→ Source material:

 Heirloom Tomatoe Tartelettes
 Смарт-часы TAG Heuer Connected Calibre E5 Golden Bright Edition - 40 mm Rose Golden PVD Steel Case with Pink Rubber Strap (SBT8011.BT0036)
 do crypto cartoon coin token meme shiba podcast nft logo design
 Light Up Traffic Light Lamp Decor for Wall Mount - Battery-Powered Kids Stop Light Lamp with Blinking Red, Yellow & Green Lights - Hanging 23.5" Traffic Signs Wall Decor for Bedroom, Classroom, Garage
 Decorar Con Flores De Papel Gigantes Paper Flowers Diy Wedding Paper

* * *

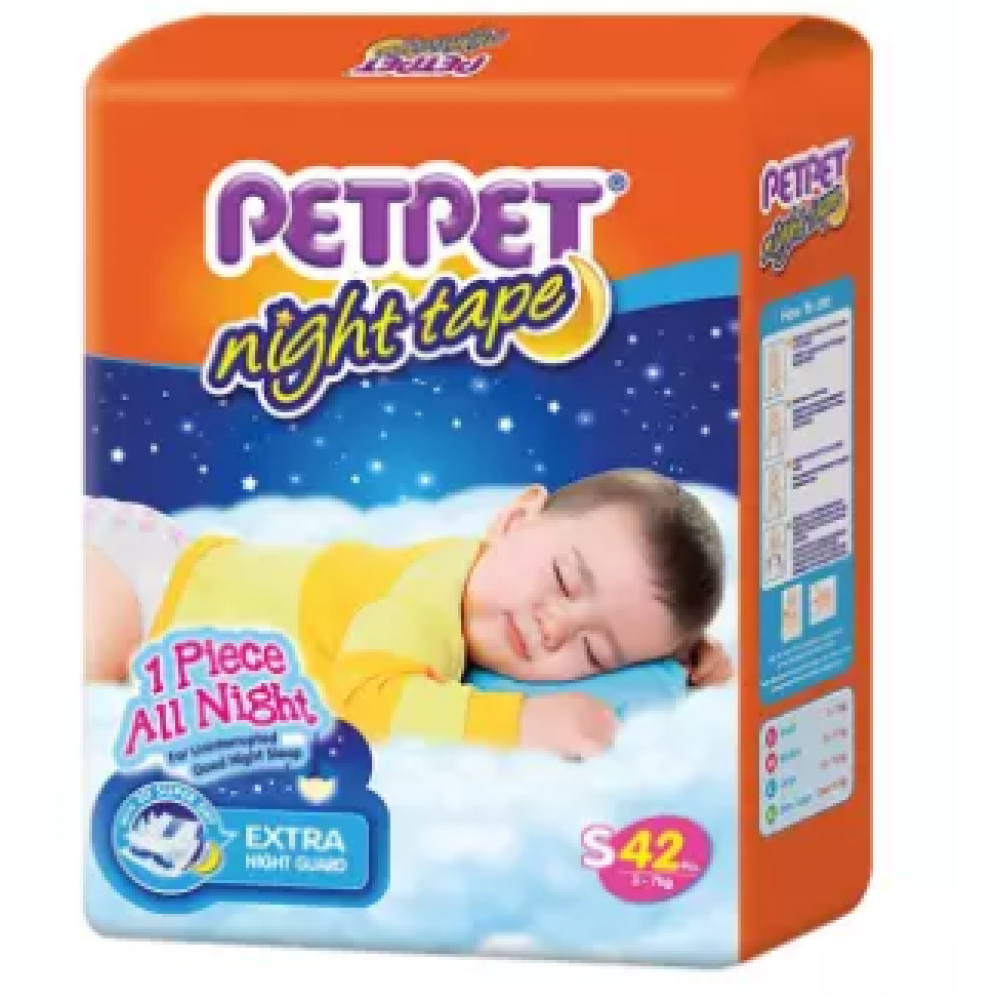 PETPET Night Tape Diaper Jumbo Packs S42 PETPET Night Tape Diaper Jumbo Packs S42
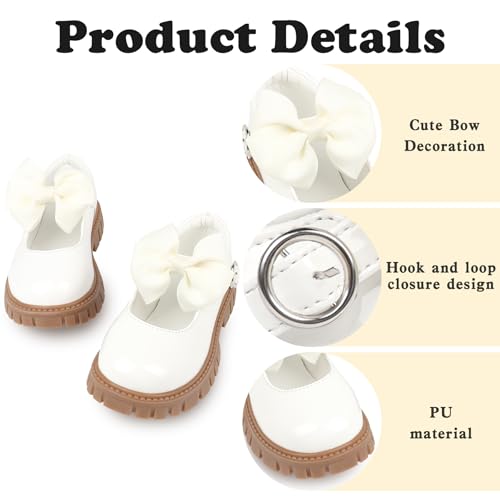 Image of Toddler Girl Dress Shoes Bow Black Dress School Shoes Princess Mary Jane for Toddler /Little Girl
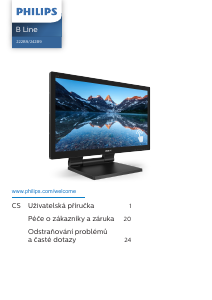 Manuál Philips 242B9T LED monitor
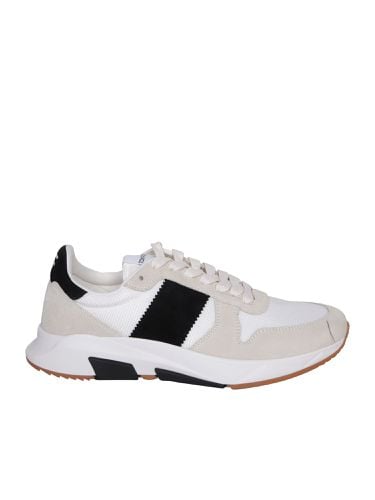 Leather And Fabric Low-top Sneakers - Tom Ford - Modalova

→ Problem requirements:
Set down again, word for word, the stretch of records from the line with "Heirloom Tomatoe Tartelettes" to the line with "Decorar Con Flores", both of those lines included.

→ Answer space:
 Heirloom Tomatoe Tartelettes
 Смарт-часы TAG Heuer Connected Calibre E5 Golden Bright Edition - 40 mm Rose Golden PVD Steel Case with Pink Rubber Strap (SBT8011.BT0036)
 do crypto cartoon coin token meme shiba podcast nft logo design
 Light Up Traffic Light Lamp Decor for Wall Mount - Battery-Powered Kids Stop Light Lamp with Blinking Red, Yellow & Green Lights - Hanging 23.5" Traffic Signs Wall Decor for Bedroom, Classroom, Garage
 Decorar Con Flores De Papel Gigantes Paper Flowers Diy Wedding Paper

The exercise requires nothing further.